At one or the other unexpected event during one or the other unexpected stay, I somehow lost my glasses -so after explaining what I could to the harbor authorities (it wasn’t much of an explanation) I had to visit the Chinese Optometrist. The waiting room was one of the most peaceful and harmonious places I have ever been, nothing fancy, just a very quiet garden framed with the traditional red gate and Koi pond, reminiscent of the Slow Pavilions, with an excellent selection of cranes and magazines.

I fill out the appropriate forms, exchange pleasantries with the receptionist and put my name on the list. Soon, at the appropriately auspicious hour, to a strike of the gong, the Optometrist himself appears and makes a decorous bow. “Shur-Shur-Shurr” he says. This as good a time as any to mention that I do not speak Chinese. Also without my glasses, I cannot see. In fact, it is only by a series of highly logical, yet fallible inferences, that I have concluded I am at an optometrists at all.

Nonetheless, I like his face. He reminds me of my father. I find my father inscrutable, remote and ruthless (in a word, “asiatic”, “oriental”). He was a doctor, too. It must be the white coat. He gestures sociably. I want to make him happy, to please him. To cooperate.

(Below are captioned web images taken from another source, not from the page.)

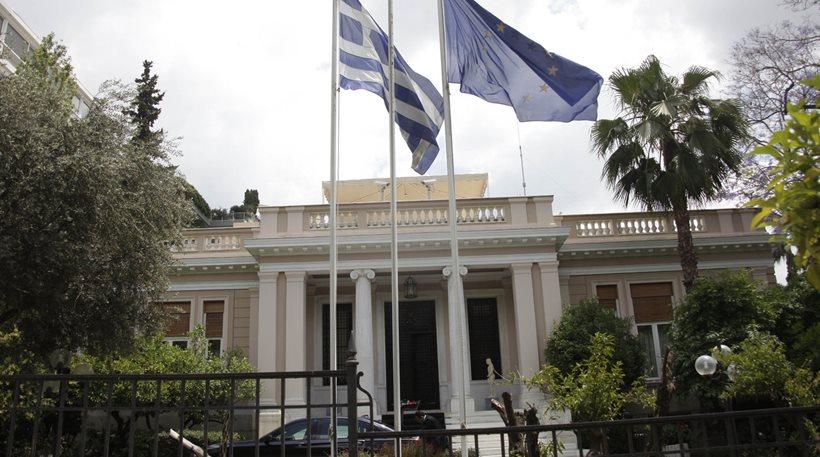 Κυβερνητική πηγή: Δεν υπάρχει απόφαση για έξοδο στις αγορές
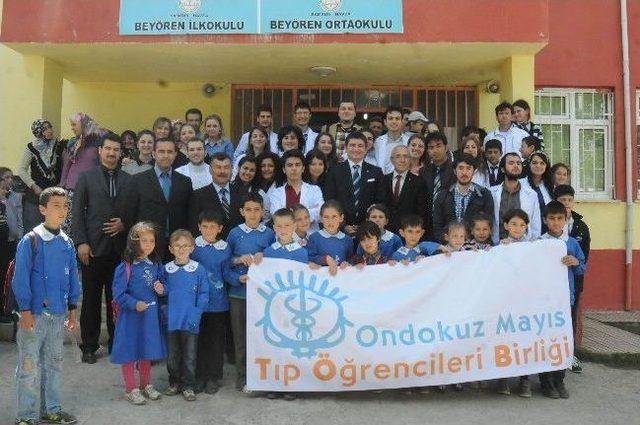 Omü Öğrencilerinden Sağlık Taraması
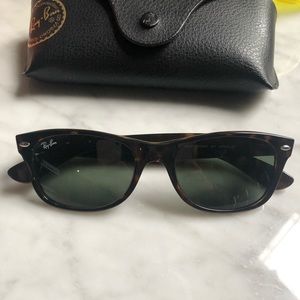 Brand new Ray-Ban new wayfarer classic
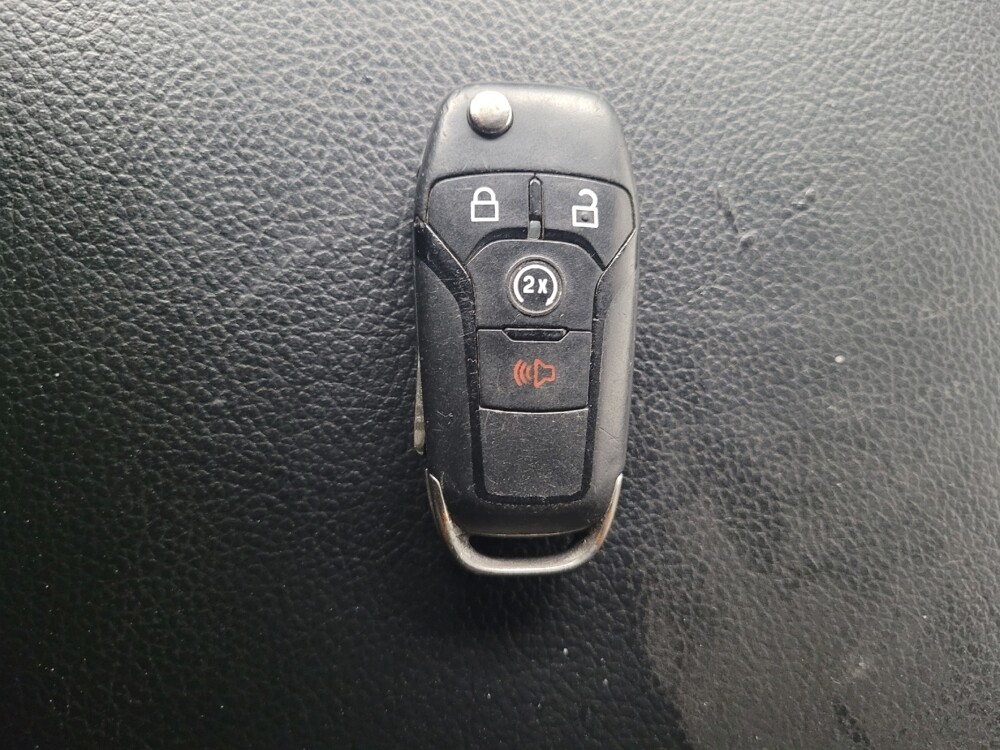 2016 Ford F150 in St. Louis, MO 63136 - 18084840 32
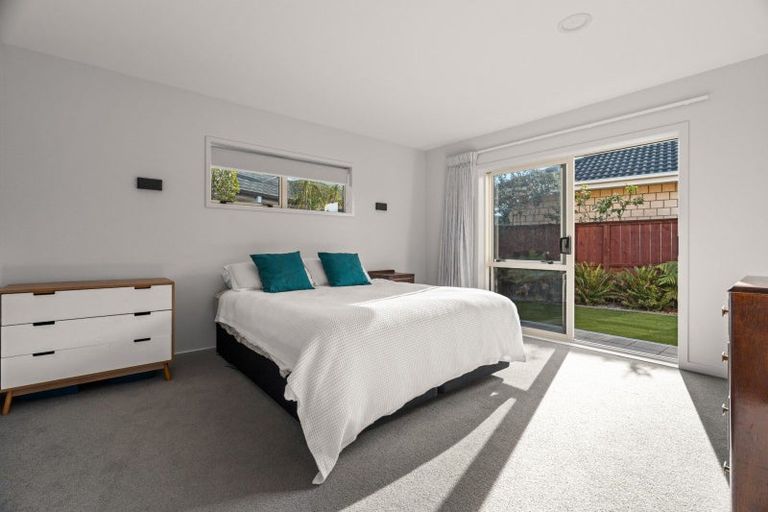 Photo of property in 2 Aranui Drive, Papamoa Beach, Papamoa, 3118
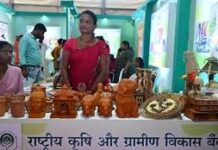 नाबार्ड की मदद से महिला समूह बन रहे आत्मनिर्भर नाबार्ड की मदद से महिला समूह बन रहे आत्मनिर्भर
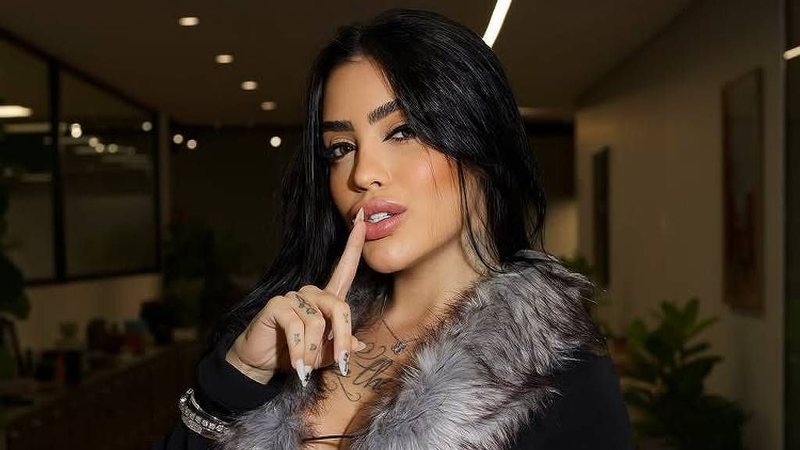 MC Mirella diz que não pretende abandonar conteúdo adulto: 'Sou número 1 e das melhores'Reprodução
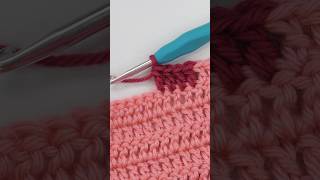 Super easy way to change colours mid row 🙌🏼 crochet crochettutorial crochethack [upl. by Hollis978]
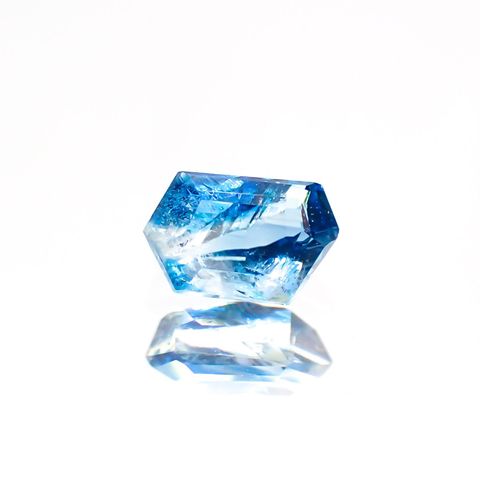 ◇カスタムカット◇ユークレース(宝石名ユークレース) ジンバブエ産 0.211ct ソ付(日独)[20107164]4.5×2.7mm前後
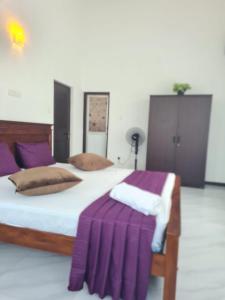Amaya Lagoon Villa Negombo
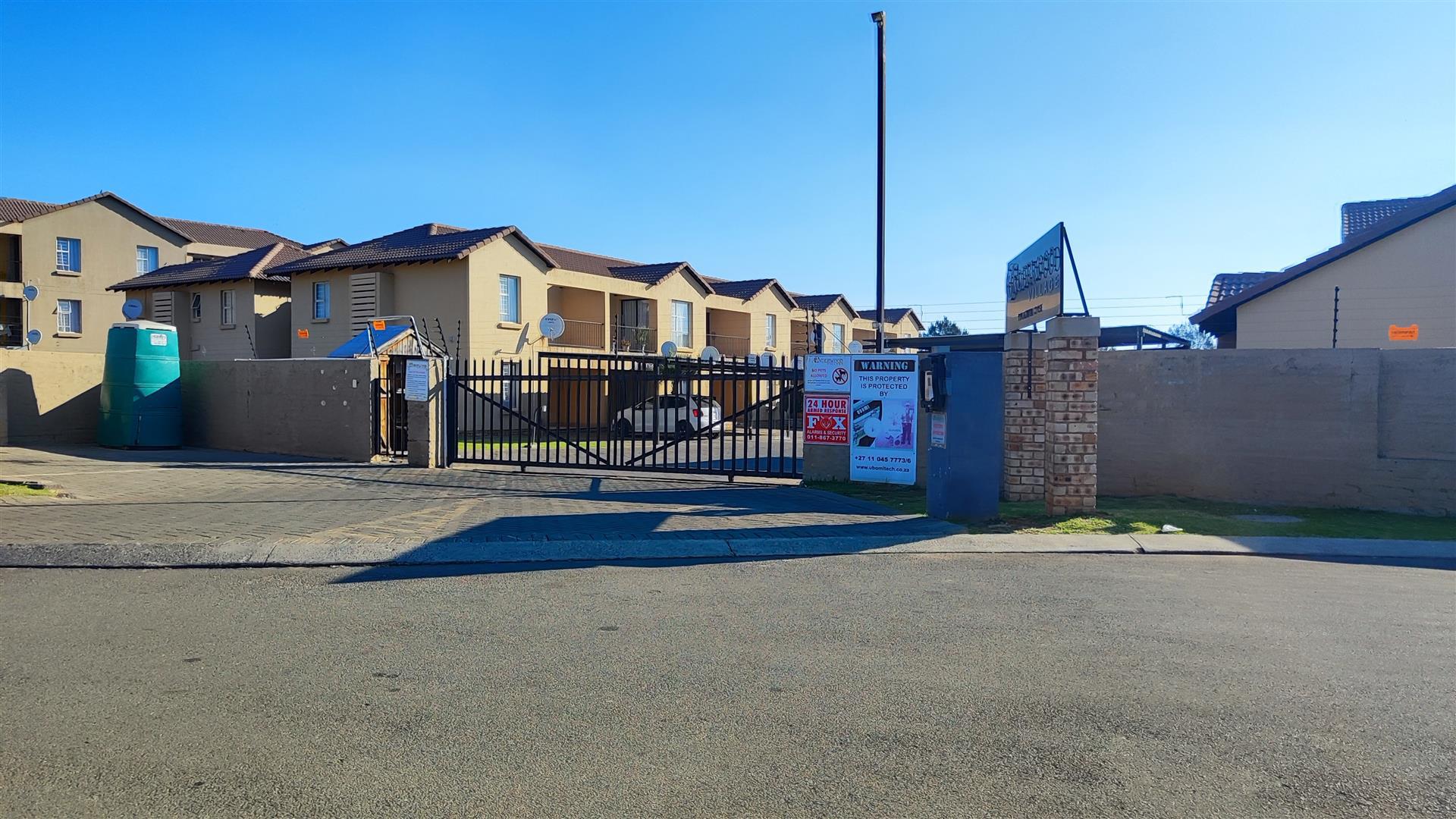 Front View of property in Albertsdal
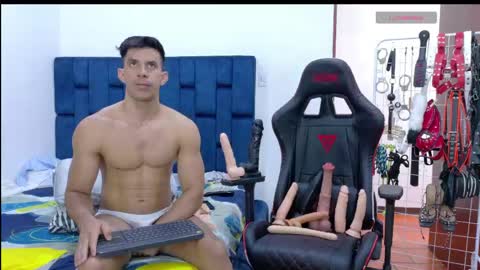 jose_rumbero91 online show from April 18, 7:58 pm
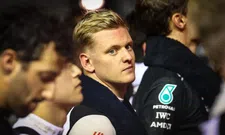 Thumbnail for article: Schumacher montre ses muscles après la pause estivale et se rapproche de Magnussen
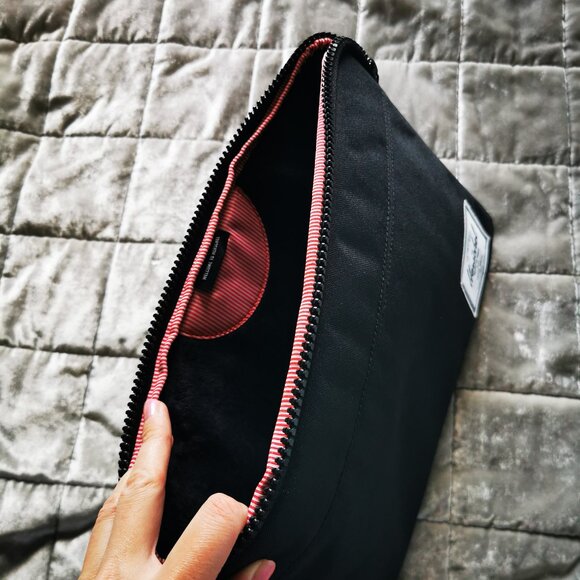 Herschel Laptop sleeve Laptop case fits 15 inch - Like new - Picture 3 of 3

It’s just like a visit to an American optometrist -only instead of an eye exam where you read the eye chart aloud and the optometrist rotates different lenses in and out of the phoroptor and you answer whether you can see “better” or “worse”, at the Chinese optometrist all wrong, incorrect or hesitant answers are requited with a sharp rebuke from a supple stick kept within easy reach in the little office. It doesn’t seem like such a bad stick -it has a pleasing finish and seems actually quite delicate in the optometrist’s strong surprisingly rough hands (toughened and coarse, as though the good doctor, an older gentlemen, had done hard labor early in life), but personified with an elastic quality that made it quite piquant. The blows are not administered maliciously, but seriously and regularly.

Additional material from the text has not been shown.